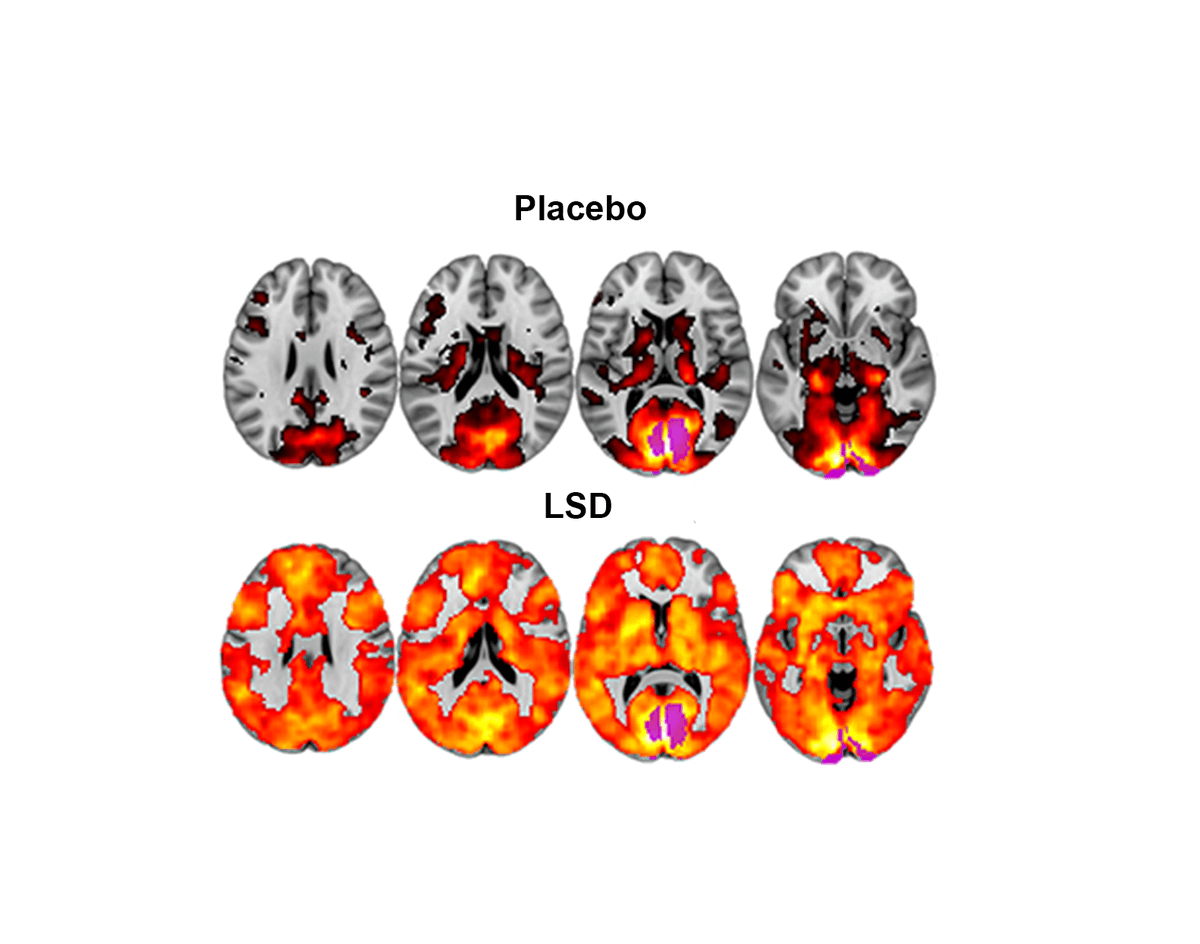NikHuno's tweet photo. The biggest secret behind Apple’s $3T empire:

LSD.

Jobs called his acid trip “one of the most important things in my life.”

How it rewired his brain—and changed Apple’s forever:🧵 https://t.co/JQxEzMNrbv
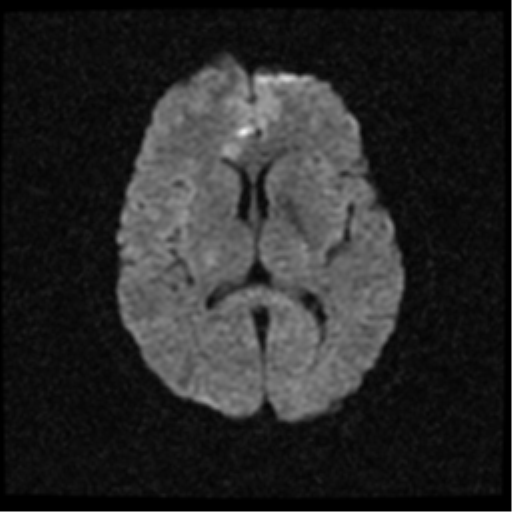 File:Anterior cerebral artery territory infarct (Radiopaedia 39327-41584 Axial DWI 14).png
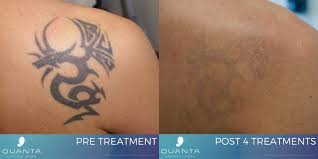 Illinois laser tattoo removal regulations. State Of The Art Laser Tattoo Removal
--
== GOAL OF THE EXERCISE ==
Once more, please print all the lines above exactly, without their pictures.

== SOLVED PROBLEM ==
NikHuno's tweet photo. The biggest secret behind Apple’s $3T empire:

LSD.

Jobs called his acid trip “one of the most important things in my life.”

How it rewired his brain—and changed Apple’s forever:🧵 https://t.co/JQxEzMNrbv
 File:Anterior cerebral artery territory infarct (Radiopaedia 39327-41584 Axial DWI 14).png
 Illinois laser tattoo removal regulations. State Of The Art Laser Tattoo Removal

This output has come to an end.